== Data for processing ==
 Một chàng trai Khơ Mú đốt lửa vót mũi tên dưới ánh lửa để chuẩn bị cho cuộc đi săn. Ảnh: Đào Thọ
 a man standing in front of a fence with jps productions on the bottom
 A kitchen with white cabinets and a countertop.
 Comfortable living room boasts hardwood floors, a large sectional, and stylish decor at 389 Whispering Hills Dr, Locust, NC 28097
===
== Data for processing ==
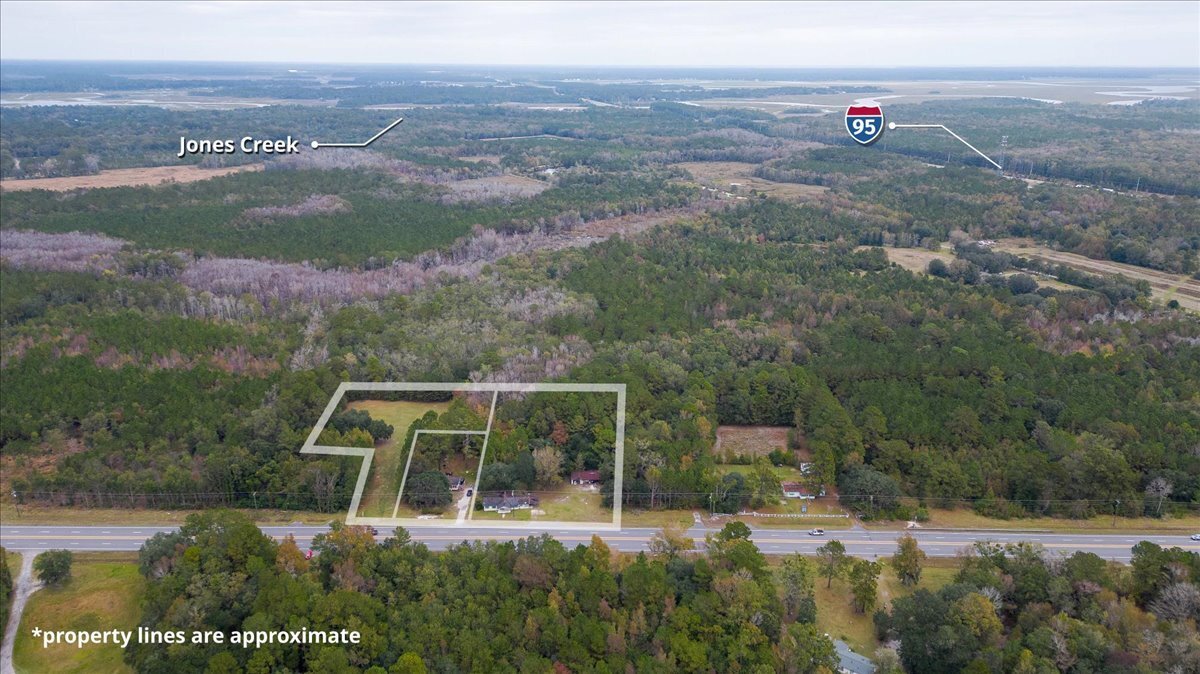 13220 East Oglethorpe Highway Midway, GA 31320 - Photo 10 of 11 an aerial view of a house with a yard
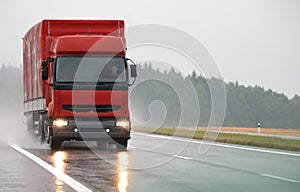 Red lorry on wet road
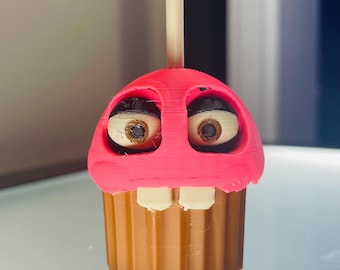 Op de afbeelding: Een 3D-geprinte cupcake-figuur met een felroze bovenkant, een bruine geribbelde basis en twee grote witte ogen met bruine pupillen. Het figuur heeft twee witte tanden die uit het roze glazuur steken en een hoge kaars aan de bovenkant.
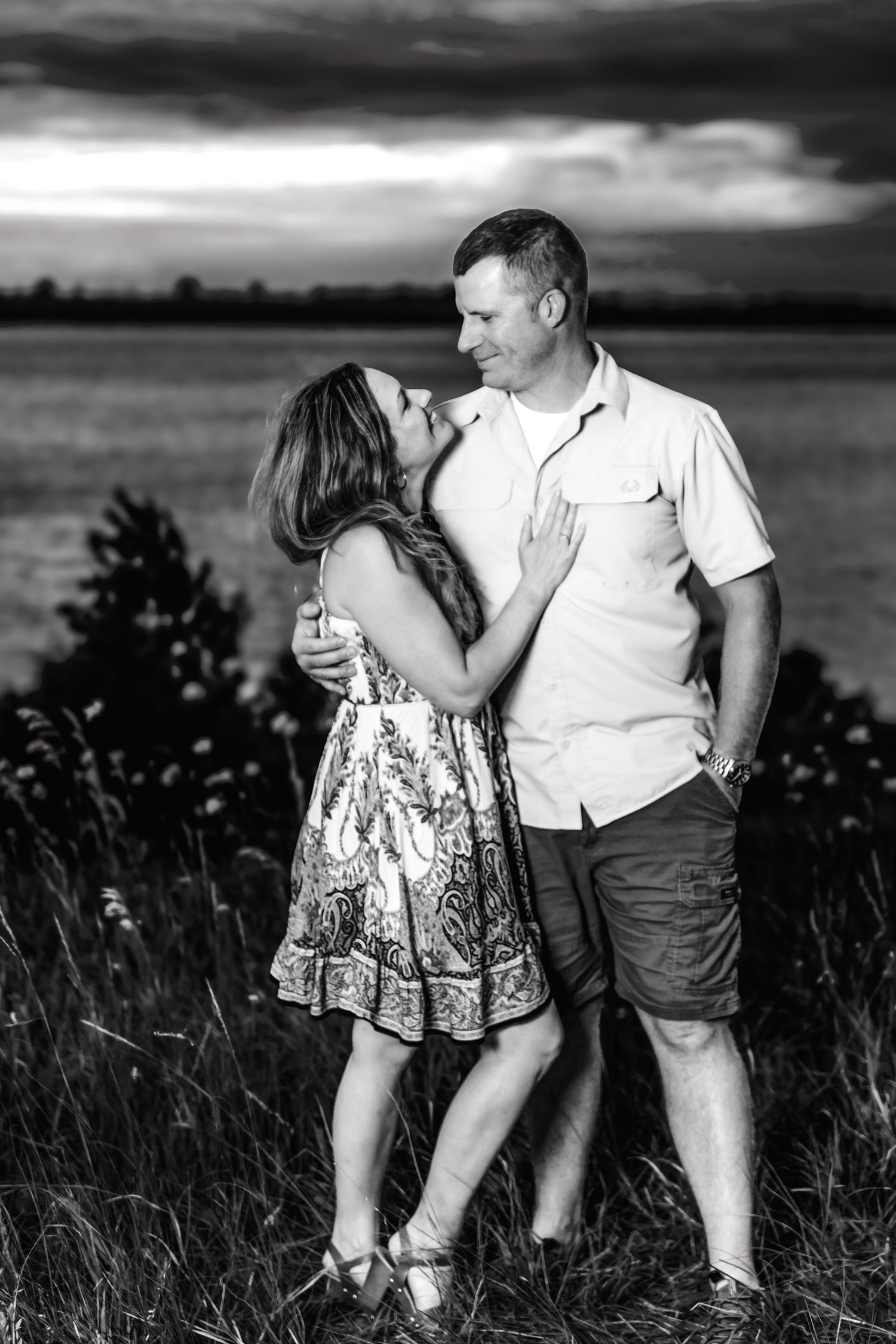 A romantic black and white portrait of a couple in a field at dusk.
===
== Data for processing ==
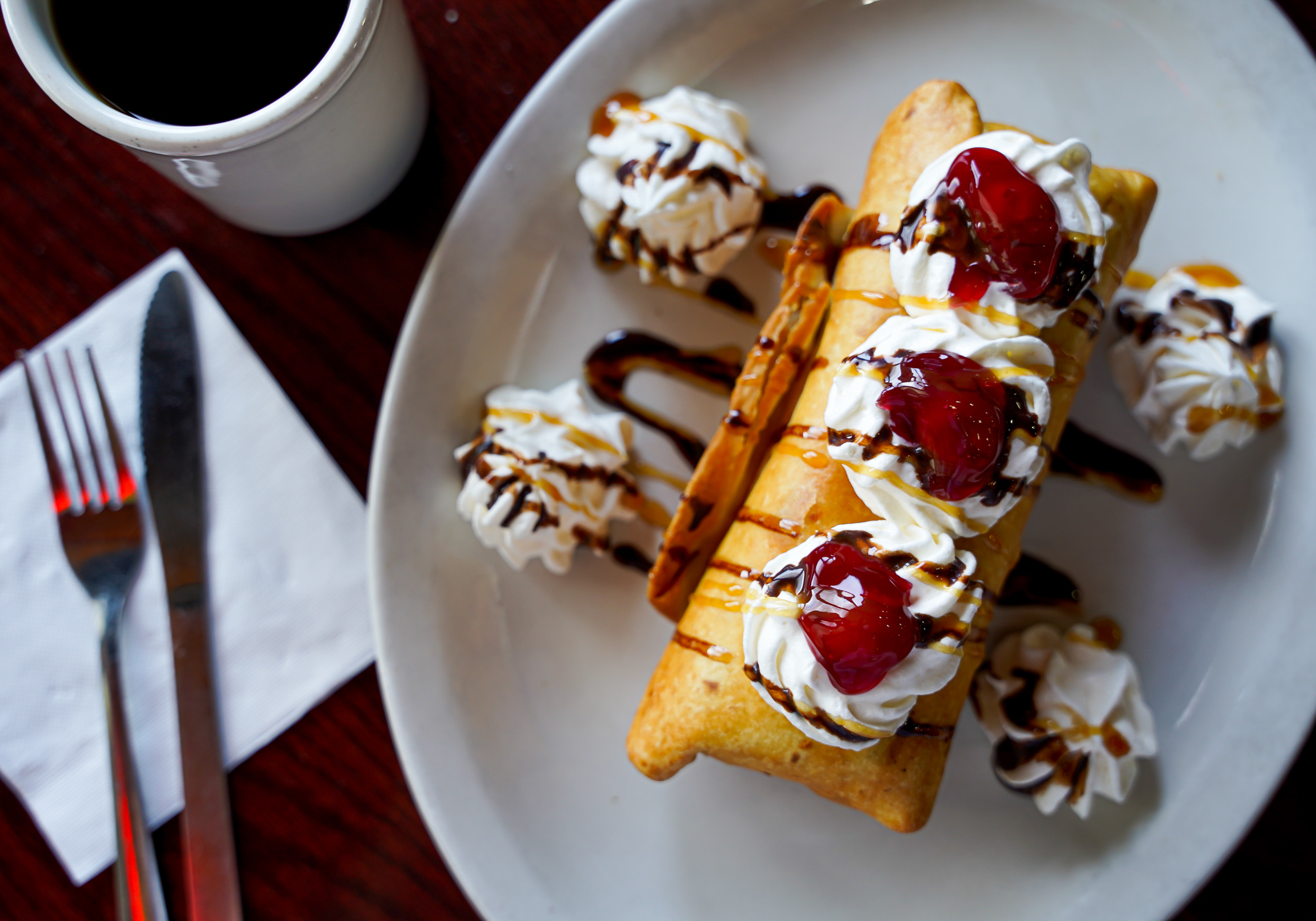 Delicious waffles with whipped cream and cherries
===
What is expected – Your answer should be the lines above, from the line containing "Một chàng trai" up to and including the line containing "Comfortable living room", reproduced exactly and with nothing else.

Response box –
 Một chàng trai Khơ Mú đốt lửa vót mũi tên dưới ánh lửa để chuẩn bị cho cuộc đi săn. Ảnh: Đào Thọ
 a man standing in front of a fence with jps productions on the bottom
 A kitchen with white cabinets and a countertop.
 Comfortable living room boasts hardwood floors, a large sectional, and stylish decor at 389 Whispering Hills Dr, Locust, NC 28097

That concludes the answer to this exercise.